Powered and passive exoskeletons have successfully reduced the metabolic cost of steady state walking, especially when assistance is personalized to the user. To translate these successes toward community ambulation two things must happen: (1) viable assistance profiles must be found across varying locomotion modes (speed, grade, etc.) found in everyday walking and (2) hardware must be designed with energetic constraints and torque requirements in mind. In this study, we begin to address each of these challenges by emulating a novel semi-active hip exoskeleton device and optimizing its hardware/control properties (spring stiffness and equilibrium angle) across a range of functional walking speeds.
We employed an impedance controller to assist hip extension and flexion with a zero-impedance phase during late swing. Each participant habituated to the device for 1 hour before parameter optimization. At each walking speed (1.0, 1.3, and 1.6 m/s), we swept 30 randomized combinations of spring stiffness (30-120 Nm/rad) and equilibrium angle (10-60% of peak-to-peak hip angle with peak extension at 0%) for 2 minutes each while recording metabolic cost and muscle activity. We then compared the metabolic cost of speed-specific optimal assistance and walking without assistance at each speed.

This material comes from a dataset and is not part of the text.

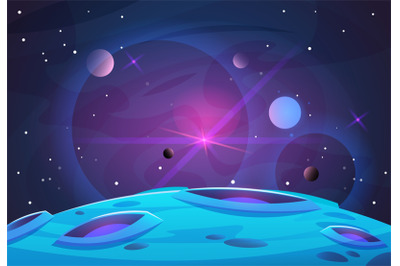 Space and planet background. Planets surface with craters, stars and c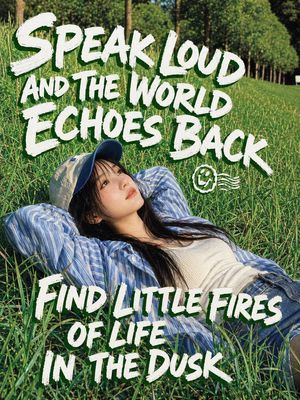 Meadow Lifestyle Quote Poster — Create a vertical 4:5 editorial poster combining outdoor lifestyle photography with bold hand-painted typography. Show a young w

Personalized assistance reduced metabolic cost by ~10% across all speeds compared to walking in the emulator with zero-impedance and provided higher reductions compared to average-best assistance, especially at 1.6 m/s. Optimal semi-active assistance required stiffer springs and extension-biased equilibrium angles with increasing walking speed. We also found changes in muscle activity significantly correlated with metabolic cost, especially with muscles local to the hip. This is the first study to optimize semi-active hip exoskeleton assistance across walking speeds to reduce metabolic cost. We found personalization is important and online tuning can focus on minimizing local muscle activity to generate metabolic benefits.